En los últimos años y en particular en la última semana las aeronaves no tripuladas (drones o RPAS) estuvieron en el centro de las noticias internacionales y también de las nacionales por dos hechos muy significativos. El primero, fue el ataque sin precedentes de Ucrania a Rusia, con más de 140 drones, que causó daños importantes, lanzando un fuerte mensaje de que la guerra aún no termina y tienen con qué continuar. Ese mismo 18 de junio, un poco más tarde, la noticia de un dron que sobrevolaba el área de entrenamiento del equipo coreano que enfrentaría a México en Guadalajara por la copa mundial, causó fuerte revuelo en prensa nacional. Ambos hechos dejan muchas preguntas sobre las regulaciones, seguridad y alcances de esta tecnología.

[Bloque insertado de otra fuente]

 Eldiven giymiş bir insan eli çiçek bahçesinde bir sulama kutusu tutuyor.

Desde que inició la guerra de Ucrania el despliegue tecnológico que se ha dado y en especial el uso de drones ha marcado una importante diferencia entre esta y otras guerras antes vistas. Ucrania, aun contra toda apuesta, continúa de pie gracias a lo que siempre gana las guerras: la tecnología. Los gringos y el resto de los países poderosos lo saben y no han escatimado en investigación y desarrollo de armas.
De la misma manera, el crimen organizado ha aprendido que renovarse o morir no es solo una frase, sino que efectivamente es lo único que queda por hacer. En nuestro país por allá del 2007 inició formalmente la fabricación de drones y su auge se dio por el 2021, cuando también se hicieron más frecuentes los ataques letales con estos artefactos. Asimismo, se han venido documentando ya por más de 10 años el uso de drones para vigilancia, seguridad e incluso envío de estupefacientes.

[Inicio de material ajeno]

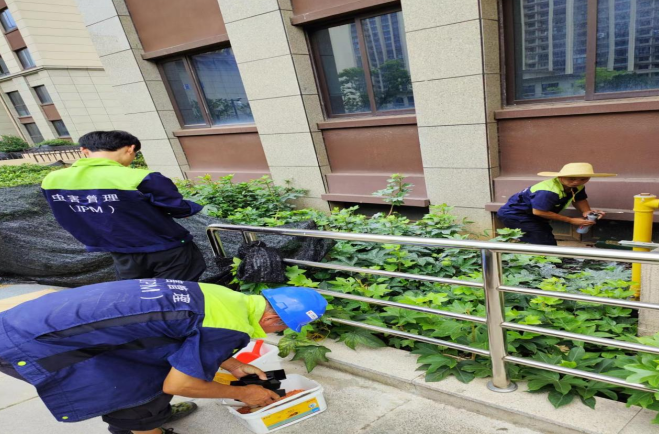 姜家山人民政府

Regulación atrasada e insuficiente
No obstante que su uso se expandía ya desde el 2007, su regulación más amplia con exigencia de registro sucedió hasta el 2019 y quedan muchos vacíos. La entrada y venta de los mismos no obliga al usuario, y queda en muchos casos de forma discrecional. Los hechos muestran que no hay registros de todos los drones y su uso es discrecional y potencialmente muy peligroso, ya sea para el crimen, o para algo que más bien parecía una broma, como ver al equipo de Corea entrenar.
¿Qué tan grande es el mercado?
Además de lo anterior, al revisar las cifras de comercio exterior, no hay información suficiente sobre el volumen histórico en exportaciones e importaciones. Según la información del Banco de México la clave arancelaria para las aeronaves no tripuladas apenas se registró a partir del 2022, por lo que se desconoce la información antes de esa fecha.
Al revisar la información por volumen, entre el 2023 y 2026 es de 858 mil 094 unidades. Pero el registro en la Agencia Federal de Aviación Civil (AFAC) no está disponible. La gran mayoría, más del 90 por ciento provienen de China y algunos más de Malasia, mientras que los que se exportan en México van casi en su totalidad hacia Estados Unidos, pero quiénes los usan y cómo, queda como incógnita.
En suma, los hechos recientes, confirman la urgencia de actualizar la norma de importación y comercio de estos artefactos tan potentes y peligrosos, cuya regulación es insuficiente, obsoleta e inútil para proteger la seguridad nacional.
Artículo publicado el 21 de junio de 2026 en la edición 1221 del semanario Ríodoce.